§ Dataset section:
|---|

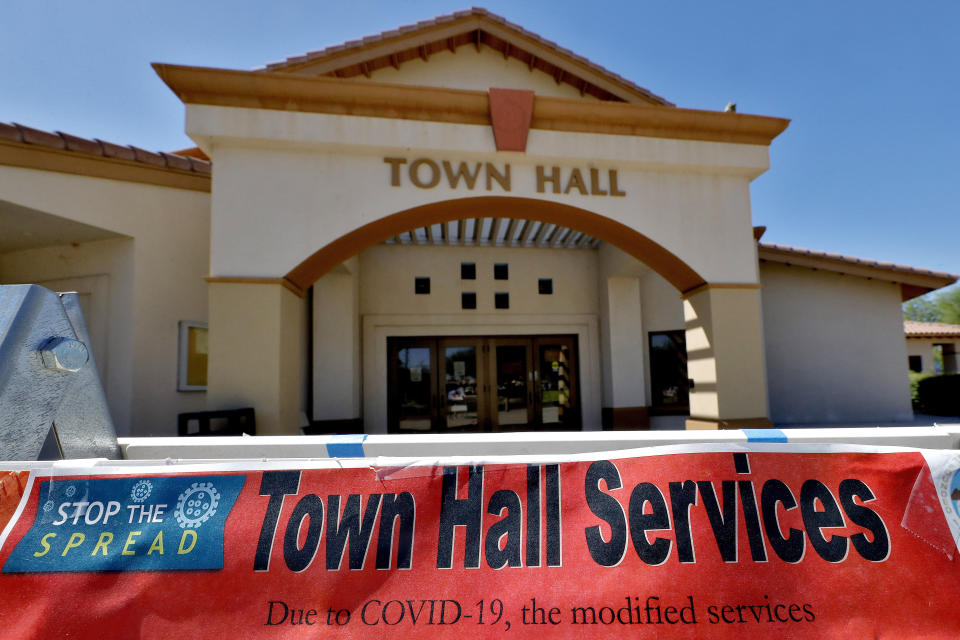 In this Thursday, June 18, 2020, photo, a sign in front of the Guadalupe Town Hall notifies visitors of modified services in Guadalupe, Ariz. As the coronavirus spreads deeper across America, it's ravaging through the homes and communities of Latinos from the suburbs of the nation's capital to the farm fields of Florida to the sprawling suburbs of Phoenix and countless communities in between. (AP Photo/Matt York)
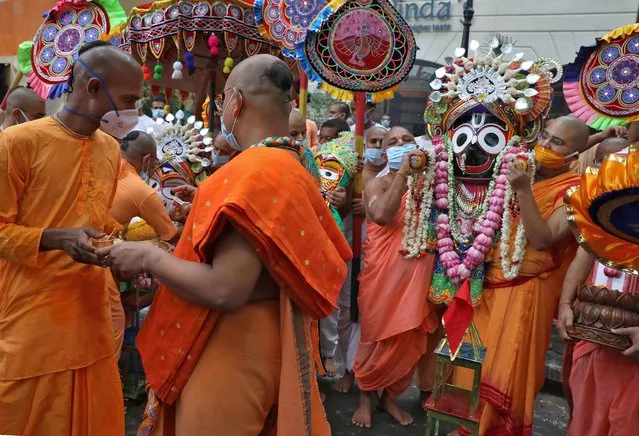 Hindu monks, wearing protective face masks, carry an idol of Hindu Lord Jagannath as part of a ritual after ISKCON (International Society of Krishna Consciousness) cancelled the annual Rath Yatra, or chariot procession, amidst the coronavirus disease (COVID-19) outbreak, in Kolkata, India, June 23, 2020. (Photo by Rupak De Chowdhuri/Reuters)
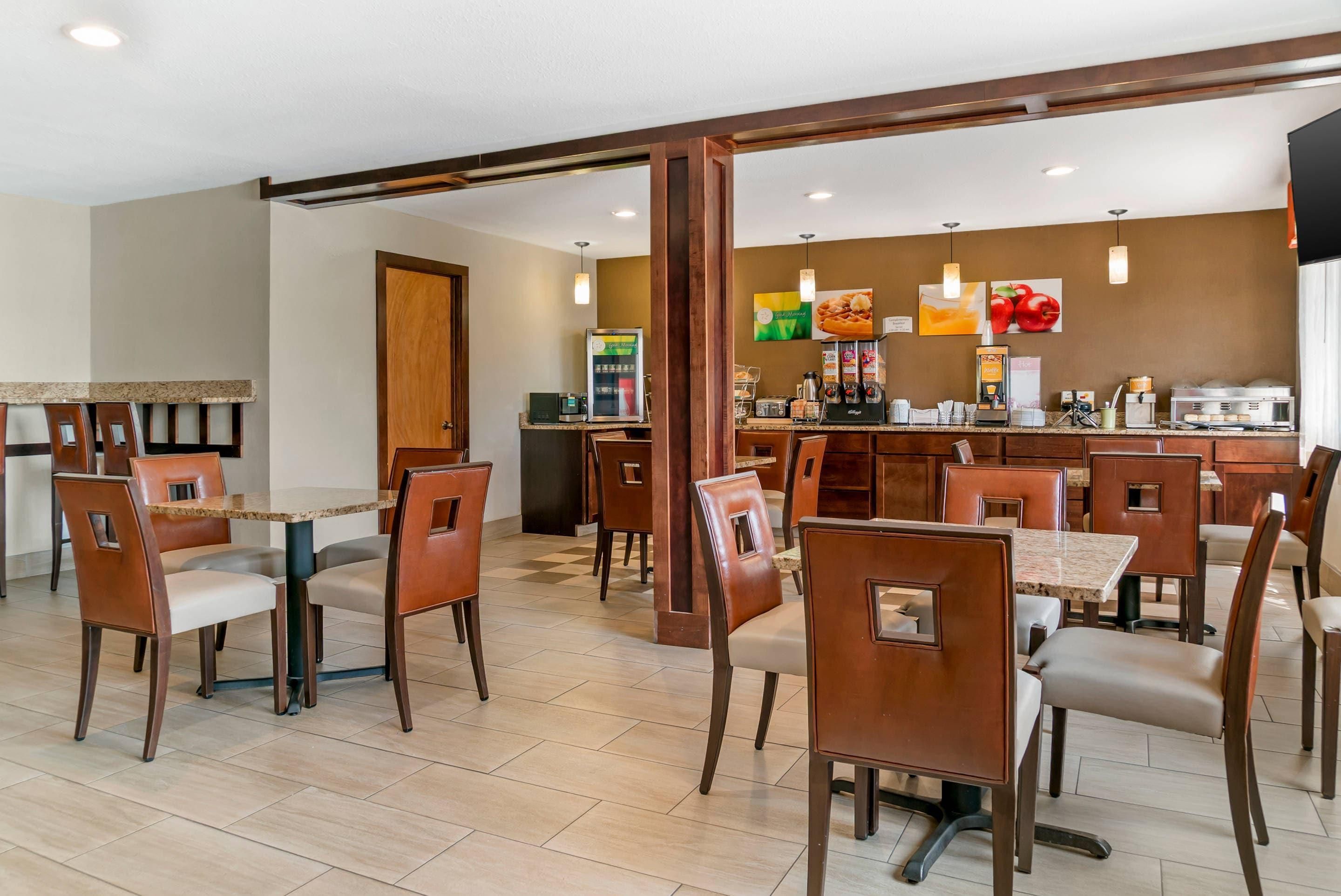 Un comedor de hotel con varias mesas y sillas, una estación de café y una pared decorada con imágenes de frutas.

|---|

§ Work order:
Strip out the pictures and quote the remaining data word for word.

§ Task response:
 In this Thursday, June 18, 2020, photo, a sign in front of the Guadalupe Town Hall notifies visitors of modified services in Guadalupe, Ariz. As the coronavirus spreads deeper across America, it's ravaging through the homes and communities of Latinos from the suburbs of the nation's capital to the farm fields of Florida to the sprawling suburbs of Phoenix and countless communities in between. (AP Photo/Matt York)
 Hindu monks, wearing protective face masks, carry an idol of Hindu Lord Jagannath as part of a ritual after ISKCON (International Society of Krishna Consciousness) cancelled the annual Rath Yatra, or chariot procession, amidst the coronavirus disease (COVID-19) outbreak, in Kolkata, India, June 23, 2020. (Photo by Rupak De Chowdhuri/Reuters)
 Un comedor de hotel con varias mesas y sillas, una estación de café y una pared decorada con imágenes de frutas.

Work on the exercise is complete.